Im 85%, but count me in


----------



## BP22 (Apr 13, 2006)

sekoudog said:


> Already reserved:
> 
> Calistogey
> Traveldude
> ...


Nice. I'm 50/50 right now.


----------



## RPB67 (Mar 26, 2005)

Smoking at the Ritz !!

What could be better. You guys have fun. Sounds way cool !


----------



## sekoudog (Oct 20, 2005)

Please click one of the Quick Reply icons in the posts above to activate Quick Reply.


----------



## sekoudog (Oct 20, 2005)

And the list grows:

Sekoudog
Calistogey
Traveldude
Love_this
Thschrminm
Aielo
Alex
Zemekone
BP22 (50/50)


----------



## sekoudog (Oct 20, 2005)

I am thinking about adding a snobbery contest. This could be a chance for the so-called conni's to prove their worth or go home a disgraced snob. How--blind tasting partner. Prove you know what you're talking about. Some could be embarrassed in front of the newbs that could show. Others could etch another mark into that stone marking their legendary status in this thing of ours.


----------



## Poriggity (Dec 8, 2005)

If I had thursday off, Id be there...
But I gotta work.
Scott


----------



## BP22 (Apr 13, 2006)

sekoudog said:


> And the list grows:
> 
> Sekoudog
> Calistogey
> ...


Things are looking good. I should be there, gotta give Rene a belated birthday smoke.


----------



## saka (Apr 13, 2006)

sounds like a plan... count me in.


----------



## sekoudog (Oct 20, 2005)

Just added:

Saka


----------



## Aielo (Jan 9, 2006)

It's Rene's birthday? When?


----------



## BP22 (Apr 13, 2006)

Aielo said:


> It's Rene's birthday? When?


Yesterday.


----------



## sekoudog (Oct 20, 2005)

Just three days until before I unleash my fury of fire upon the almighty leaf. Heck, why wait I'll do it now!!!


----------



## traveldude (Oct 27, 2005)

sekoudog said:


> Just three days until before I unleash my fury of fire upon the almighty leaf. Heck, why wait I'll do it now!!!

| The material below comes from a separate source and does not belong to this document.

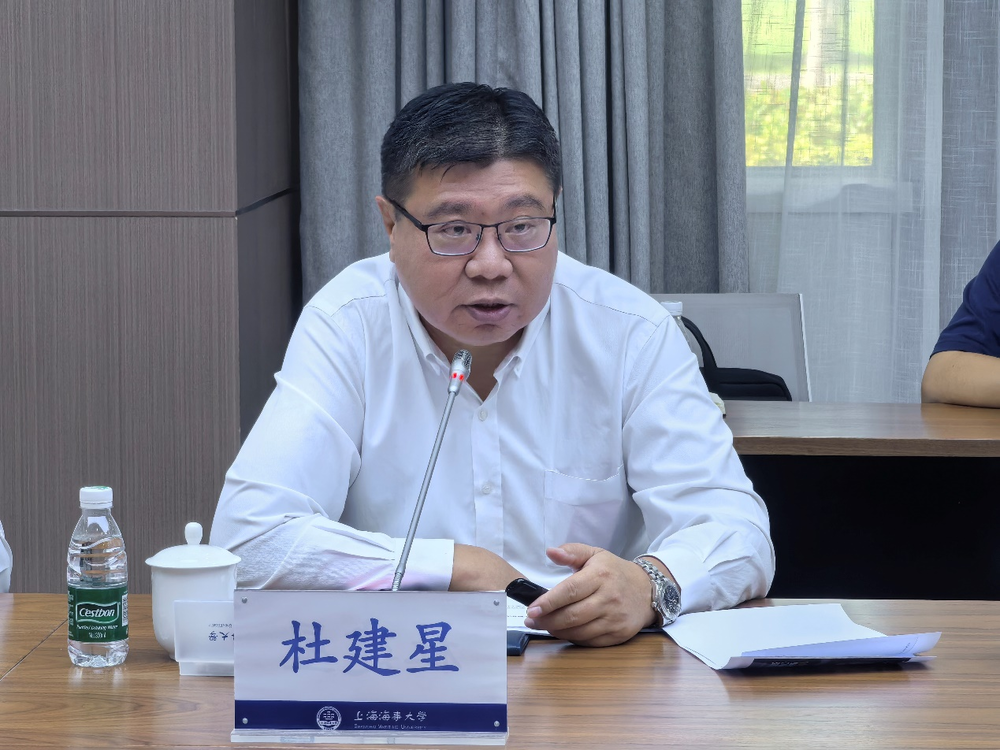 20240805032716448000.png 新加坡立杰律师事务所高级合伙人杜建星律师作主题分享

Sounds like somebody has developed a serious addiction just like the rest of us! :dr :r


----------



## RONINDICE (Apr 5, 2006)

Dammit I finally have time again for this hobby and this board and I see this. Sounds awesome! Unfortunately I am working nights this week.  Maybe next time.


----------



## sekoudog (Oct 20, 2005)

We closed the bar. It was a great time for all. I think the next time were going to move over to the Standard in downtown LA. 

Hey, anyone know where I can find that girl--I'd like another head massage if you know what I mean.


----------



## traveldude (Oct 27, 2005)

sekoudog said:


> We closed the bar. It was a great time for all. I think the next time were going to move over to the Standard in downtown LA.
> 
> Hey, anyone know where I can find that girl--I'd like another head massage if you know what I mean.


What a great time at the Ritz. I know you want to re-live that moment when the drunk chick gave you a head massage. If you had let her stay a little long I'm sure she'd massage both you're heads.  lol ... 
We've gota do that again soon.


----------



## calistogey (Jun 14, 2005)

Well that was nice. So when is the next one?


----------